Intention creates shared responsibility. When meetings are rooted in a clear purpose, the pressure on leaders to get every detail perfect is lessened. Impeccable facilitation or rigid agendas matter less because participants feel invested. They recognize that a “good date” is a collective achievement, not a burden to leader alone to bear.

Why are we meeting?

Let’s explore three people-centric intentions: feedback, collaboration, and connection.

1. Feedback: Real-time learning. Meetings can gather feedback to help make smarter decisions. But feedback diminishes when leaders are defensive or dismissive. A recent meeting I attended used an anonymous feedback tool. As we all used our phones to give suggestions, this look open and inclusive but awkward comments were passed over and there was no follow up leaving me disappointed.

Here’s a rule: only ask questions if you really care about the answers. As the poet Mark Nepo says, listening is “a willingness to be changed by what you hear.” If you’re really open to feedback, even a meeting without an agenda, as scary as it sounds, or using stone-age post-it notes can lead to meaningful conversations and leave participants feeling connected, even when the decision the finale does not please everyone. .

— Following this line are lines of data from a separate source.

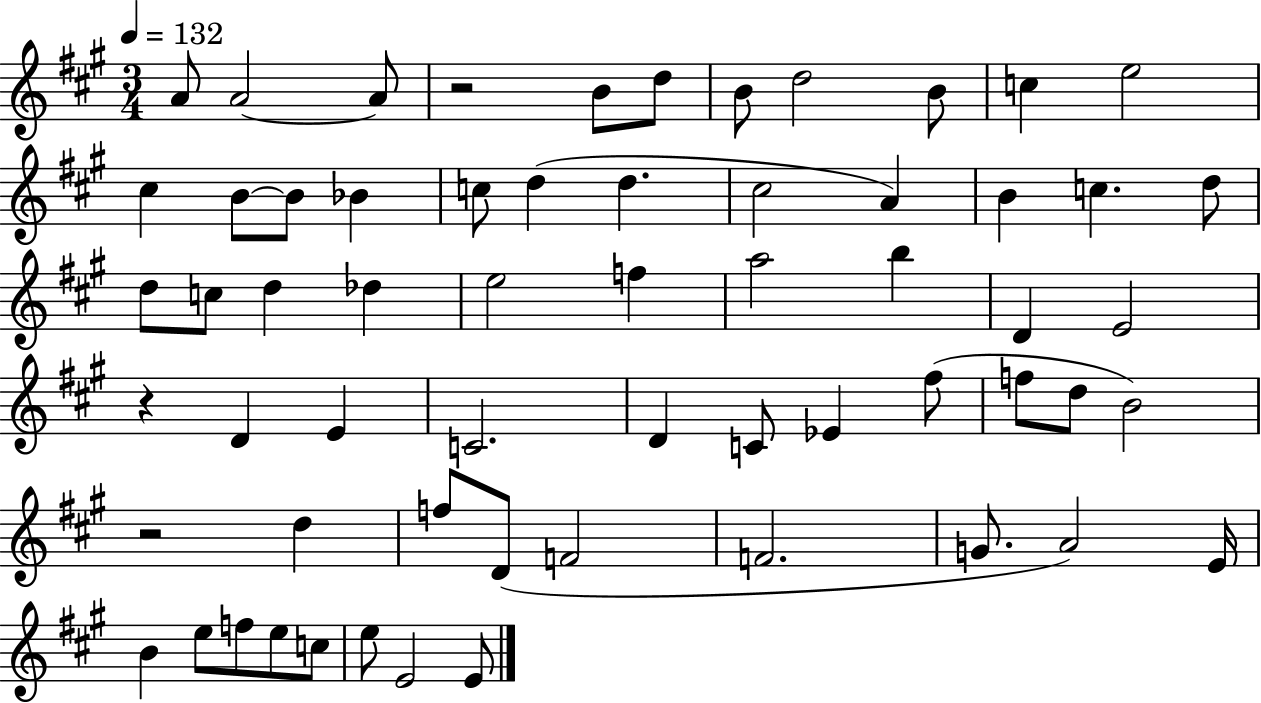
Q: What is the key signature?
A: A major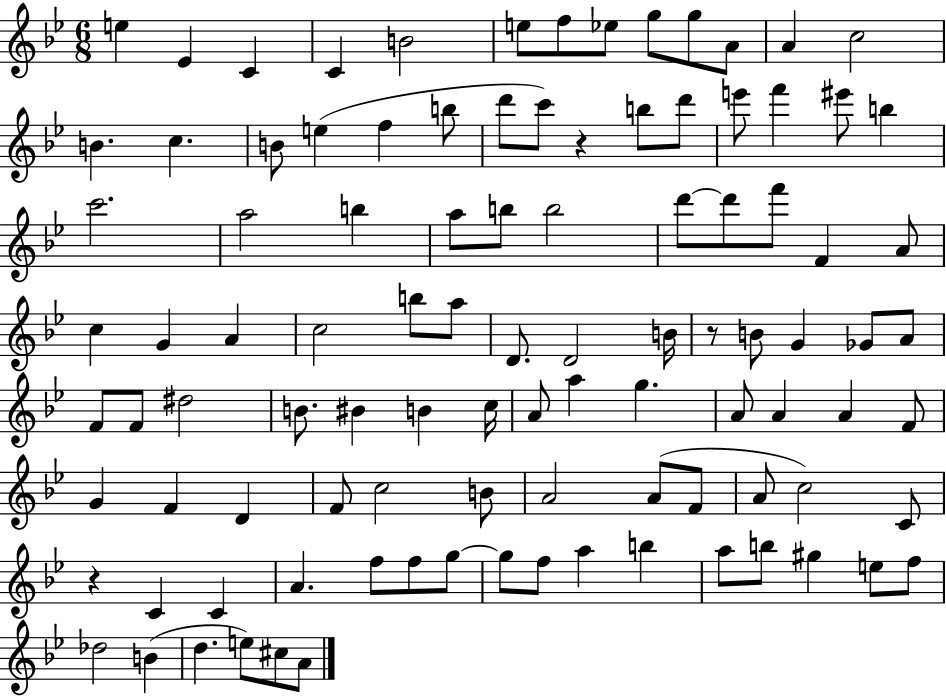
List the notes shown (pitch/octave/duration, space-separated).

E5/q Eb4/q C4/q C4/q B4/h E5/e F5/e Eb5/e G5/e G5/e A4/e A4/q C5/h B4/q. C5/q. B4/e E5/q F5/q B5/e D6/e C6/e R/q B5/e D6/e E6/e F6/q EIS6/e B5/q C6/h. A5/h B5/q A5/e B5/e B5/h D6/e D6/e F6/e F4/q A4/e C5/q G4/q A4/q C5/h B5/e A5/e D4/e. D4/h B4/s R/e B4/e G4/q Gb4/e A4/e F4/e F4/e D#5/h B4/e. BIS4/q B4/q C5/s A4/e A5/q G5/q. A4/e A4/q A4/q F4/e G4/q F4/q D4/q F4/e C5/h B4/e A4/h A4/e F4/e A4/e C5/h C4/e R/q C4/q C4/q A4/q. F5/e F5/e G5/e G5/e F5/e A5/q B5/q A5/e B5/e G#5/q E5/e F5/e Db5/h B4/q D5/q. E5/e C#5/e A4/e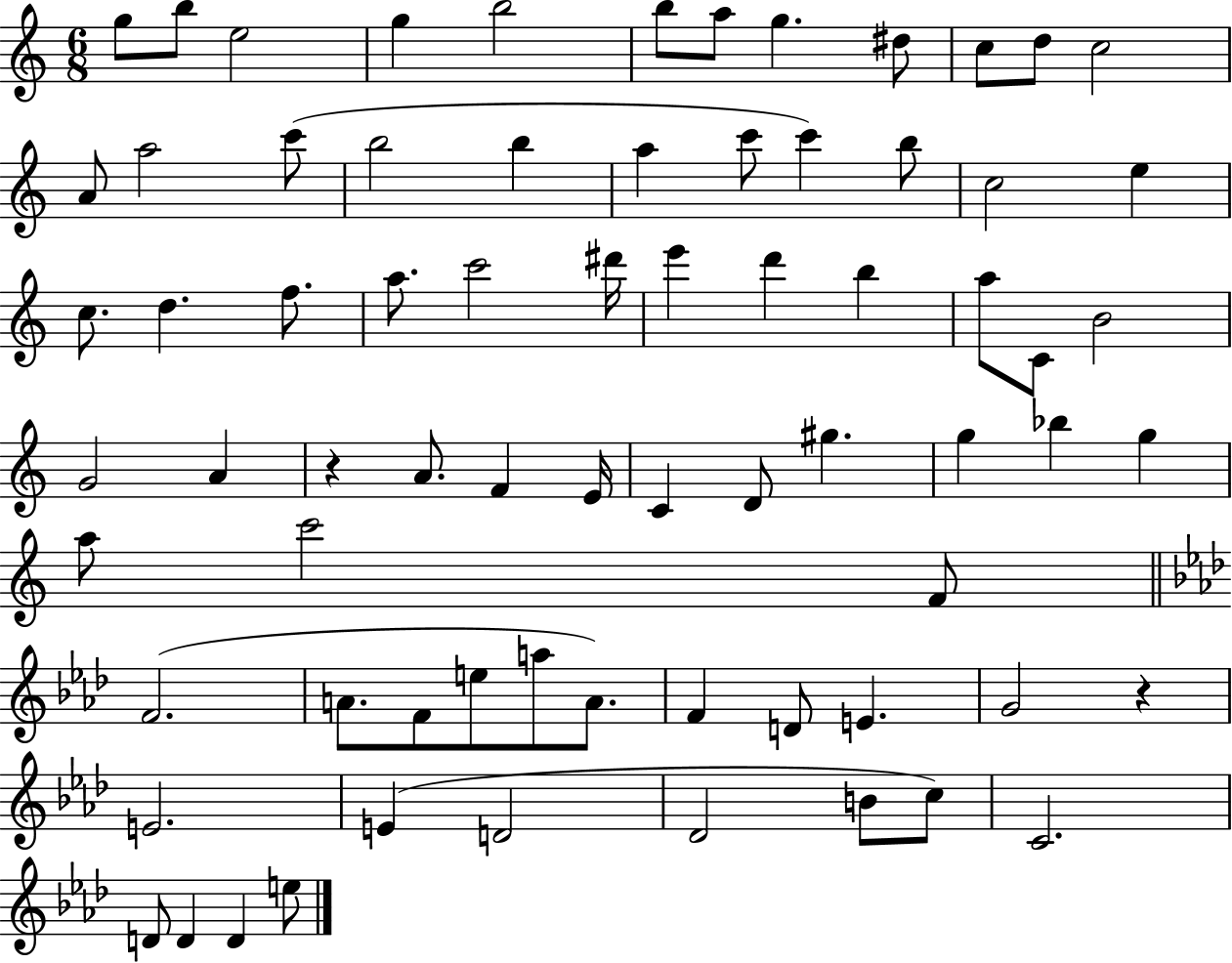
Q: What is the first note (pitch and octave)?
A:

2. Collaboration: 1+1=3. Meetings can tap into the collective brainpower of a group, but that doesn’t happen by itself. Take routine updates: Sharing information is important, but people are talking TO each other does not produce collaboration.

I learned this the hard way while leading a weekly coordination meeting. I did most of the talking, telling myself that would be more effective. But all it did was set a passive tone. The round-robin updates were robotic, and my invitation for questions at the end was met with crickets.

What worked better was to set an interactive tone early on—engaging other voices early, pausing to ask a follow-up question about accomplishments, and encouraging people to build on ideas. When meetings are designed to involve everyone, they can.

3. Connection: We need each other. Whether it’s celebrating success or learning about team members’ unique gifts, meetings can foster trust and a sense of belonging. This is vital for high performance and resistant teams: As psychologist Gabor Maté observed, “Psychological safety is not the absence of threat, but the presence of connection.”

But the connection must be genuine, not an afterthought. True appreciation, for example, is specific and personal—not a generic “Thank you for everything.” Icebreakers are fine, but insincerity is easy to spot and instead of connecting teams, it generates eyerolls. Quick Quiz: Have you ever followed up with an icebreaker response after the meeting to show you really listened and cared?

An item on the agenda

You’ve probably heard the phrase “No agenda, no participation.” But here’s my take: Common Purpose eats agendas for breakfast.

I recently almost canceled a virtual meeting because there were no urgent items on the agenda. Instead, I decided to reframe it as an optional moment of connection. To my surprise, almost everyone showed up and the conversation flowed effortlessly. We talked about everything from book clubs to Dungeons & Dragons, and some of the quieter team members were the most animated. There was no official agenda, but a clear purpose: to connect as people – and it worked.

Take away? In today’s hybrid work era, where spontaneous water-cooler conversations are rare, we need more meetings designed to build genuine relationships, not just check off action items. Here’s something to explore: A colleague recently told me about her team’s “gosh” meetings, where the only rule is to not talk about work.

Meetings people want to attend

Meetings are sacred. Yes, our time is valuable, but in an era of social isolationthey offer powerful opportunities to connect and achieve what we cannot do alone. We’ve all endured bad dates — provocative article headlines aside — but the real problem lies in workplace culture, not the dates themselves. With a people-centered purpose, we might even—gasp—find ourselves looking forward to our next date.